### Aim of the task
An exact, complete printout of the listing is wanted, minus its images.

### Information shown
*** Begin section ***
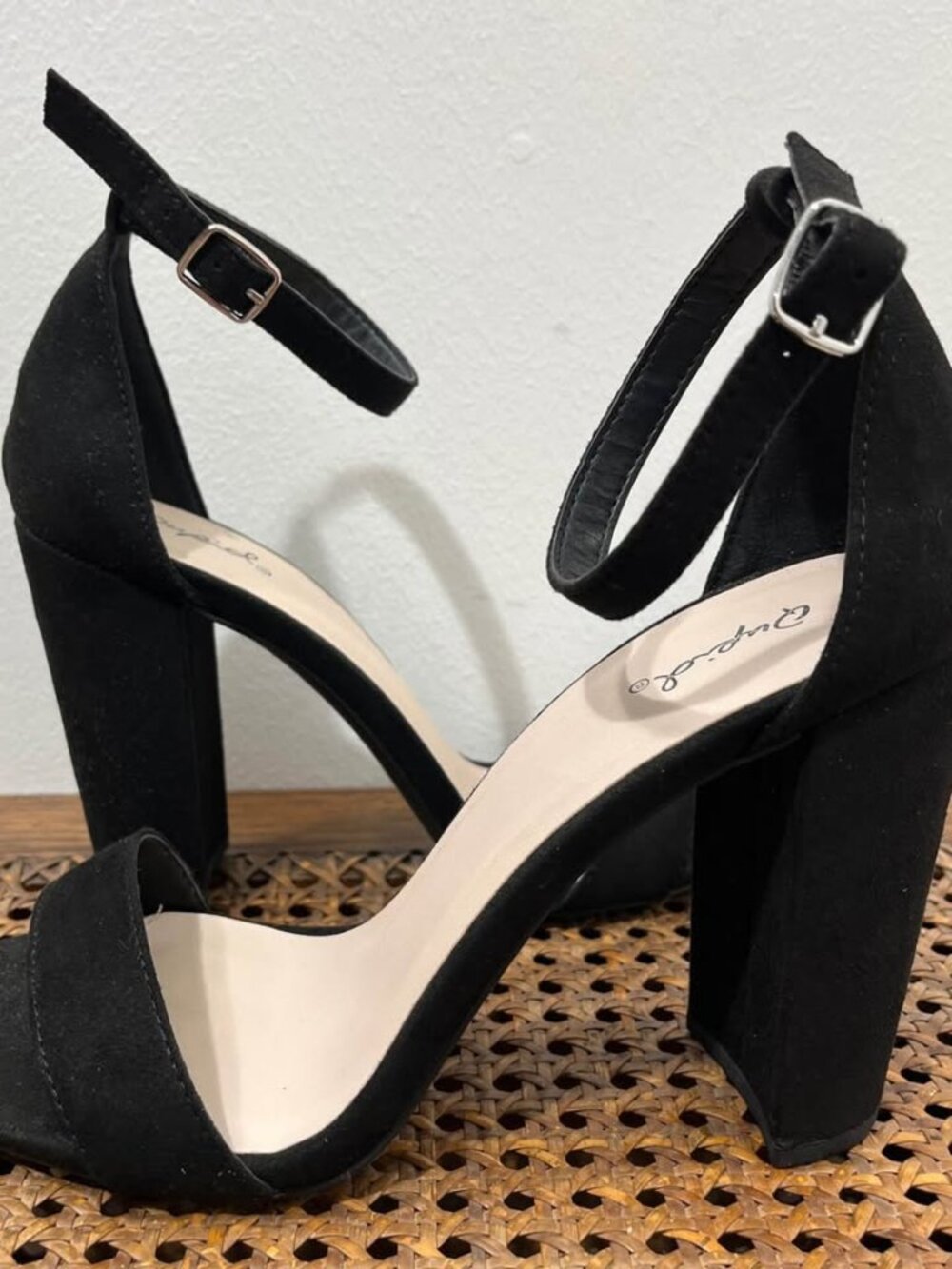 Size 9 Qupid Black Suede Block High Heel Open Toe Ankle Strap Dress Sandals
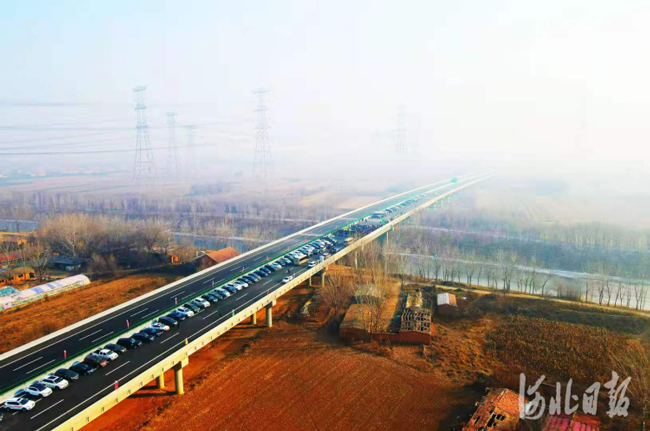 津石高速公路津冀界子牙河大桥.河北日报记者赵海江/摄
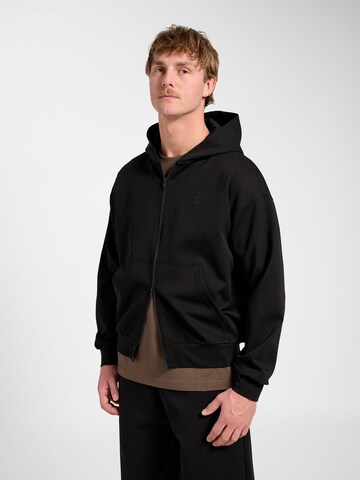 Hummel Sweatjacke in Schwarz: Vorderseite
*** End section ***
### Expected output
 Size 9 Qupid Black Suede Block High Heel Open Toe Ankle Strap Dress Sandals
 津石高速公路津冀界子牙河大桥.河北日报记者赵海江/摄
 Hummel Sweatjacke in Schwarz: Vorderseite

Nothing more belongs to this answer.